Alcune difficoltà sono già emerse, pesano i punti persi con Cagliari, Atalanta ed Empoli a fine settembre. Quei 3 pareggi consecutivi hanno creato le prime scosse sotto i piedi dell’allenatore, finito in bilico dopo il derby e la figuraccia col Betis. «Io e Paolo (Maldini, ndr) parliamo poco, non possiamo stare a smentire voci su Gattuso ogni volta. Oggi Gattuso è l’allenatore del Milan, e vogliamo che lui rimanga, che vinca le partite e la squadra migliori: questo è l’obiettivo – ha chiarito Leonardo -. Stiamo parlando di 9 partite di campionato e 3 di Europa League, e Gattuso è stato messo in discussione dall’esterno per due volte, una cosa abbastanza fuori luogo. Sono voci che lasciano il tempo che trovano. Poiché siamo noi tre, io, Paolo e Gattuso, anche per la storia e la complicità che abbiamo insieme, per prima cosa sarà sempre tutto molto chiaro. E sarebbe bellissimo riuscire a fare delle cose insieme». In queste complicate settimane Gattuso ha sempre provato a trasmettere serenità allo spogliatoio e adesso, a due mesi dalla tragedia del ponte Morandi che posticipò l’esordio in campionato del Milan, il recupero è un trampolino verso la zona nobile della classifica. Un’occasione da non sciupare, perché fra tre giornate c’è lo scontro diretto con la Lazio, dopo la trasferta di Udine, il big match con la Juventus e la sosta.

Il ritmo a cui sta marciando la squadra di Simone Inzaghi (1.8 punti a partita) è esattamente quello con cui ha viaggiato l’anno scorso il Milan durante la gestione Gattuso: 24 partite con 44 punti, e la media è ancora più alta (2 punti a gara) considerando solo le 19 giornate del girone di ritorno. Da dicembre i rossoneri non si sono comportati affatto male negli scontri diretti, pareggiando 1-1 a Firenze, superando la Lazio per 2-1 a San Siro, espugnando l’Olimpico contro la Roma, strappando un pareggio nel derby di ritorno e l’1-1 con il Napoli in casa. Tutto ciò, però, non è stato sufficiente a tornare in Champions, visto che il Milan ha chiuso sesto, a -8 dall’Inter. Praticamente sono stati fatali i 9 punti lasciati per strada fra aprile e maggio contro squadre finite poi alle spalle dei rossoneri: Sassuolo, Torino, Benevento e Atalanta.

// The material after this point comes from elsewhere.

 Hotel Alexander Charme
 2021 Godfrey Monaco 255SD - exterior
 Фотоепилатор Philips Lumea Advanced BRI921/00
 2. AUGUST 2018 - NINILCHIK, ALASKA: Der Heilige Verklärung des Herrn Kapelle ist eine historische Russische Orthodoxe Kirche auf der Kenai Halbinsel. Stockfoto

Dopo 11 mesi di alti e bassi Gattuso è dunque il primo a sapere che conquistare il quarto posto oggi contro il Genoa non sarà semplice e ancor più complicato sarà mantenerlo fino a maggio. In questa lunga marcia sarà fondamentale far resistere il fortino di San Siro, dove il Milan, considerando anche la coda dell’ultimo campionato, è imbattuto da 6 partite (5 vittorie), in cui ha segnato sempre almeno 2 gol. In questa Serie A nessuno ha realizzato più reti del Milan nel primo tempo (9), e in parallelo il Genoa è quella che ne ha subìti di più (11) prima dell’intervallo. Può essere un’arma in più per la squadra di Gattuso, che però in tre occasioni non ha saputo conservare il vantaggio, perdendo 7 punti fra Napoli, Atalanta ed Empoli. Anche domenica i rossoneri si sono visti sorpassare dai gol di Saponara e Quagliarella, che hanno spinto quasi sul baratro Gattuso, salvato dalla reazione composta e decisa della squadra, nonché dalle prodezze di Higuain e Suso. Due gol che hanno cambiato l’orizzonte di Gattuso.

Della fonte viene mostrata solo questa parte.